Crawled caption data
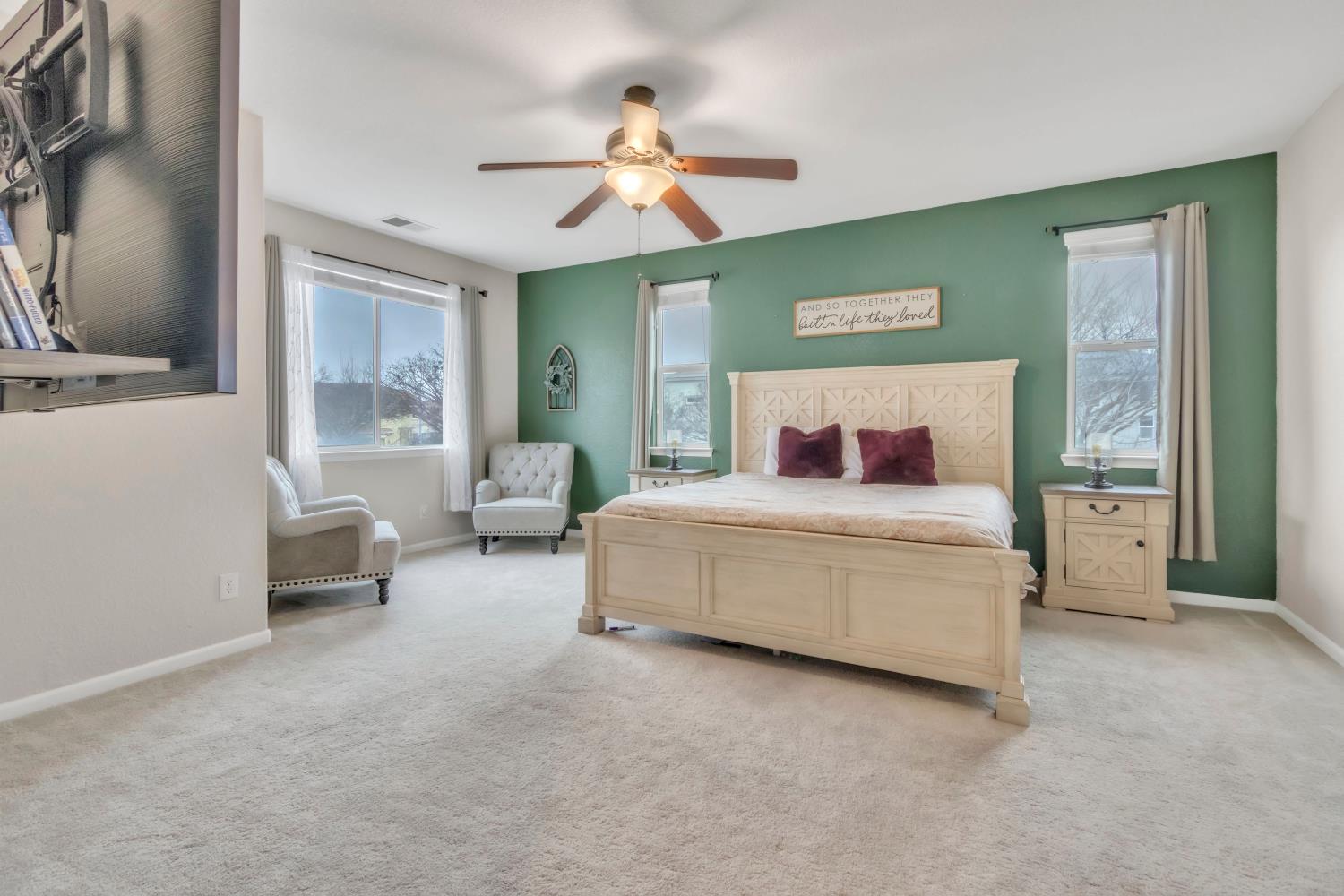 2993 Essie Place Modesto, CA 95355 - Photo 30 of 44 a bedroom with a bed and a chandelier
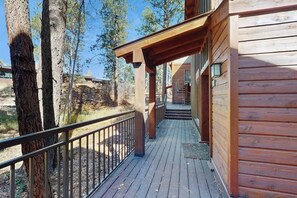 Eine Holzhütte mit einer Terrasse, umgeben von Bäumen.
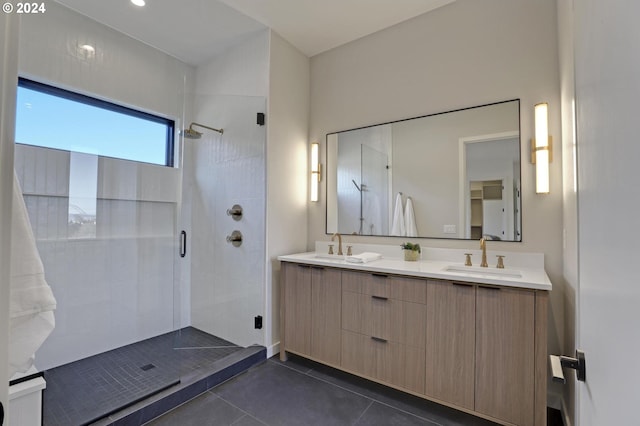 bathroom featuring tile patterned floors, vanity, and an enclosed shower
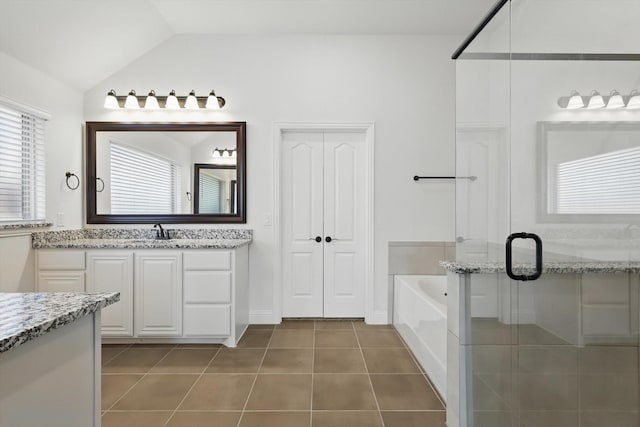 300 Navo Rd, Little Elm, TX 75068 - bathroom with tile patterned flooring, a shower stall, vaulted ceiling, a bath, and vanity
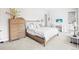 Main bedroom with a wooden bed frame and dresser at 8263 Merryvale Trl, Parker, CO 80138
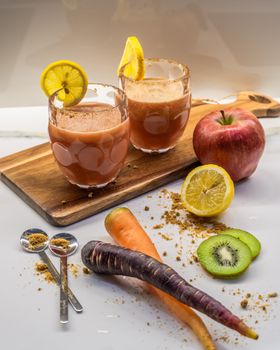 Colorful fruit and vegetable smoothie with healthy ingredients on a wooden board.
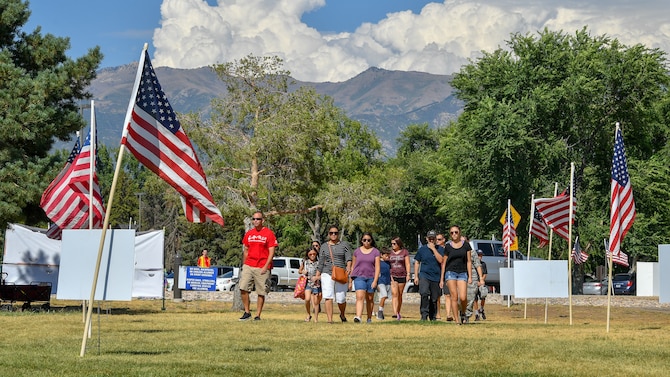 Families gather at Centennial Park for the 18th annual Salute Picnic Aug. 17, 2018, at Hill Air Force Base, Utah. Nearly 3,500 people attended the event sponsored by the Top of Utah Military Affairs Committee. (U.S. Air Force photo by R. Nial Bradshaw)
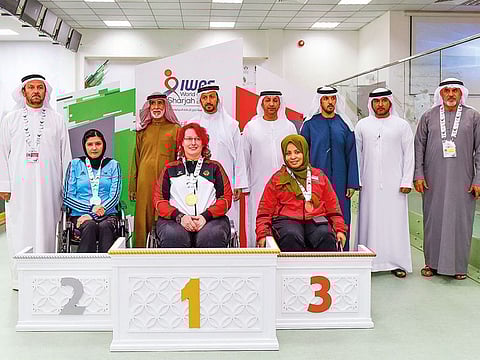German Elke Seeliger, Uzbek shooter Malika Kenjaeva, Emirati shooter Latifa Al Suwaidi (left, front) and Emirati sport officials during the awards ceremony.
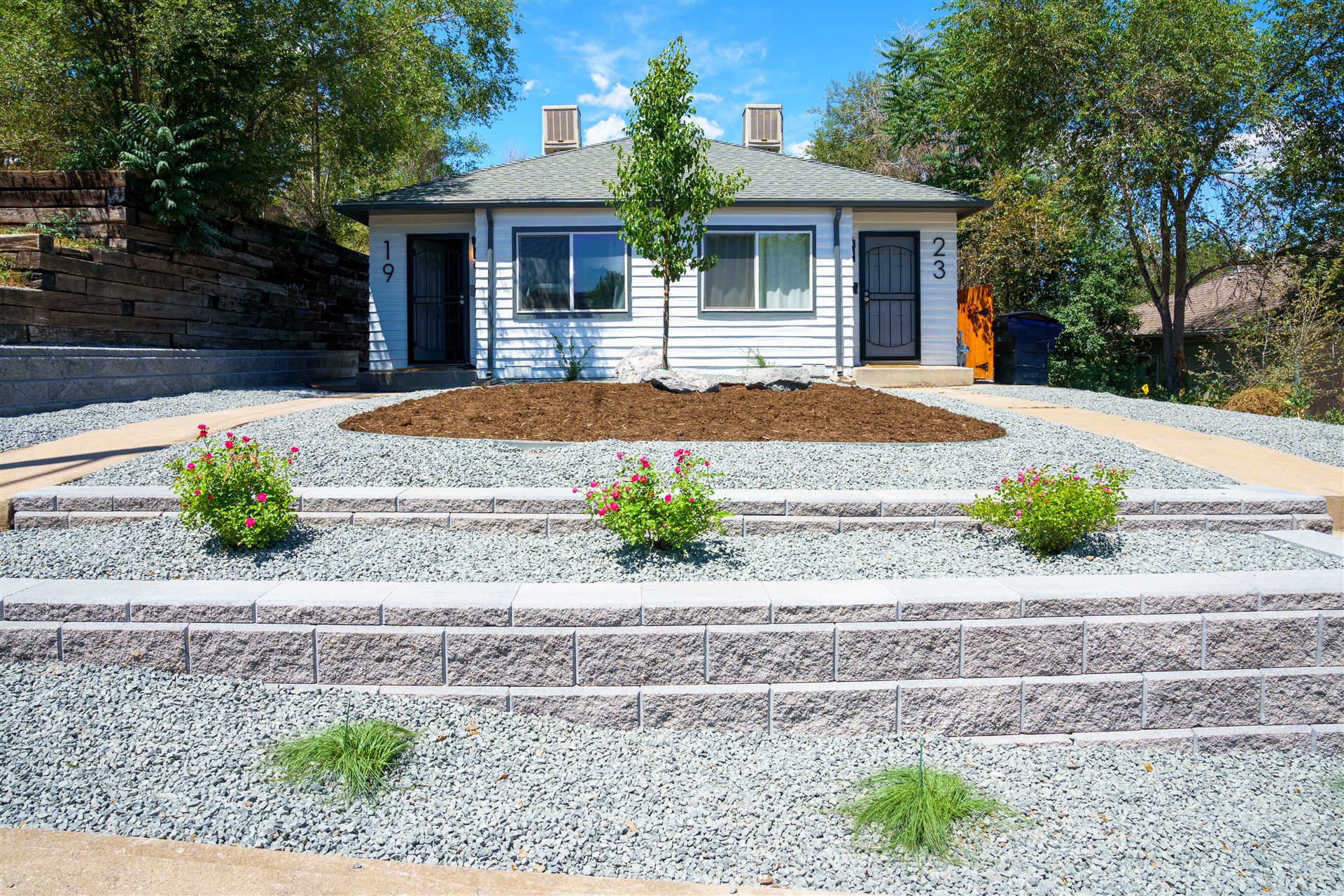 Terraced front yard with rock, grasses and a mulch bed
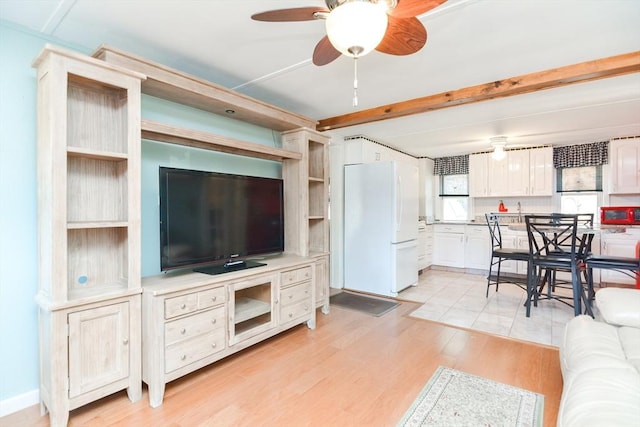 living area featuring light wood-type flooring, beam ceiling, and ceiling fan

» DIRECTIONS: Would you copy every entry exactly as it stands, leaving out the pictures?

» EXERCISE SOLUTION:
 2993 Essie Place Modesto, CA 95355 - Photo 30 of 44 a bedroom with a bed and a chandelier
 Eine Holzhütte mit einer Terrasse, umgeben von Bäumen.
 bathroom featuring tile patterned floors, vanity, and an enclosed shower
 300 Navo Rd, Little Elm, TX 75068 - bathroom with tile patterned flooring, a shower stall, vaulted ceiling, a bath, and vanity
 Main bedroom with a wooden bed frame and dresser at 8263 Merryvale Trl, Parker, CO 80138
 Colorful fruit and vegetable smoothie with healthy ingredients on a wooden board.
 Families gather at Centennial Park for the 18th annual Salute Picnic Aug. 17, 2018, at Hill Air Force Base, Utah. Nearly 3,500 people attended the event sponsored by the Top of Utah Military Affairs Committee. (U.S. Air Force photo by R. Nial Bradshaw)
German Elke Seeliger, Uzbek shooter Malika Kenjaeva, Emirati shooter Latifa Al Suwaidi (left, front) and Emirati sport officials during the awards ceremony.
 Terraced front yard with rock, grasses and a mulch bed
 living area featuring light wood-type flooring, beam ceiling, and ceiling fan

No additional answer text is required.